Die Klägerin kann sich auch nicht nach § 67 Abs. 4 Satz 7 i. V. mit Abs. 2 Satz 2 Nr. 3 VwGO durch einen Steuerberater oder vereidigten Buchprüfer vertreten lassen; Herr A. ist nicht vertretungsbefugt im Sinne der vorgenannten Vorschrift. Denn die vorliegende Streitigkeit über die Erhebung von Kammerbeiträgen für die IHK ist keine Abgabenangelegenheit im Sinne des § 67 Abs. 2 Satz 2 Nr. 3 VwGO. Unter Abgabenangelegenheiten im Sinne des § 67 Abs. 2 Satz 2 Nr. 3 VwGO sind nur Rechtsstreitigkeiten zu fassen, welche Steuer- und Monopolsachen im Sinne des § 1 Abs. 1 StBerG betreffen (vgl. OVG Hamburg, Beschl. v. 29.04.2010 - 3 Bf 368/09.Z - juris). Die Erhebung eines Mitgliedsbeitrags für eine IHK stellt keine Steuersache im Sinne von § 1 Abs. 1 und 2 StBerG dar (vgl. OVG NRW, Beschl. v. 24.01.2005 - 4 E 1437/04 - juris).

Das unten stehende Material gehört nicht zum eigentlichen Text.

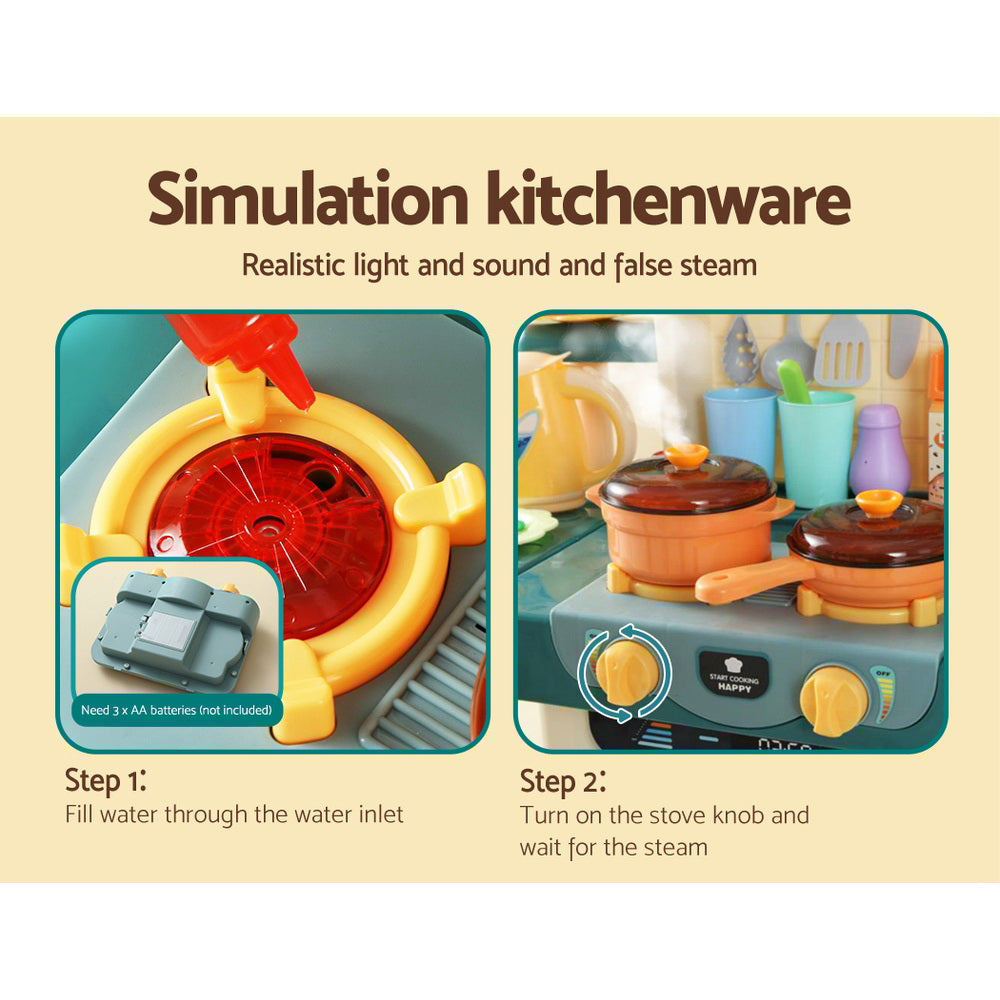 Kitchen Playset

Soweit der Begriff der "öffentlichen Abgaben" im Sinne des § 80 Abs. 2 Nr. 1 VwGO auch Beiträge erfasst, hat der Gesetzgeber mit der Regelung in § 67 Abs. 2 Satz 2 Nr. 3 VwGO nicht an diese Regelung, sondern mit Blick auf den angesprochenen Personenkreis an die steuerrechtliche Prägung des Begriffs der Abgabe anknüpfen wollen. Bereits die Regelung in § 67 Abs. 1 Satz 5 VwGO i. d. F. des Gesetzes vom 01.11.1996 (BGBl. I, S. 1626, gültig ab 01.01.1997), mit der erstmals in Abgabenangelegenheiten Steuerberater und Wirtschaftsprüfer als Prozessbevollmächtigte vor dem Oberverwaltungsgericht zugelassen wurden, war in diesem Sinne auszulegen (so OVG Hamburg, Beschl. v. 29.04.2010, a. a. O., m. w. N., juris; OVG NRW, Beschl. v. 24.01.2005, a. a. O., m. w. N., juris; Bayerischer VGH, Urt. v. 22.06.2007 - 7 N 06.480 - m. w. N., juris). Dafür sprechen zum einen die Gesetzesmaterialien, wonach die Regelung in § 67 VwGO entsprechend Art. 1 Nr. 1 BFHEntlG erfolgen sollte (BT-Drs. 13/3993, S. 11 zu Nr. 4), der seinerseits eine entsprechende Vertretungsbefugnis von Steuerberatern und Wirtschaftsprüfern vor dem Bundesfinanzhof unter anderem in durch Finanzbehörden verwalteten Abgabenangelegenheiten vorsah (vgl. § 33 Abs. 1 Satz 1 FGO). Dieser steuerrechtlich geprägten Auslegung des Begriffs der Abgabenangelegenheiten entspricht auch die Gegenäußerung der Bundesregierung im Rahmen des Gesetzgebungsverfahrens des 6. Änderungsgesetzes zur VwGO (BT-Drs. 13/4069, S. 1 zu Nr. 5), wonach "Abgabenangelegenheiten ... typischerweise Materien (sind), in denen Steuerpflichtige auch vor den Verwaltungsgerichten und Oberverwaltungsgerichten von Angehörigen der steuer- und wirtschaftsberatenden Berufe vertreten werden." Gestützt wurde diese Auslegung des § 67 Abs. 1 Satz 5 VwGO (i. d. F. v. 01.11.1996) zudem durch den Umstand, dass Steuerberater eine geschäftsmäßige entgeltliche und unentgeltliche Besorgung fremder Rechtsangelegenheiten außerhalb der in §§ 31 Abs. 1, 33 StBerG festgelegten Grenzen nicht erlaubt war und ein Verstoß mit dem damals noch in Kraft befindlichen Rechtsberatungsgesetz vermieden werden sollte (vgl. OVG Hamburg, Beschl. v. 29.04.2010, a. a. O.; OVG NRW, Beschl. v. 24.01.2005, a. a. O.).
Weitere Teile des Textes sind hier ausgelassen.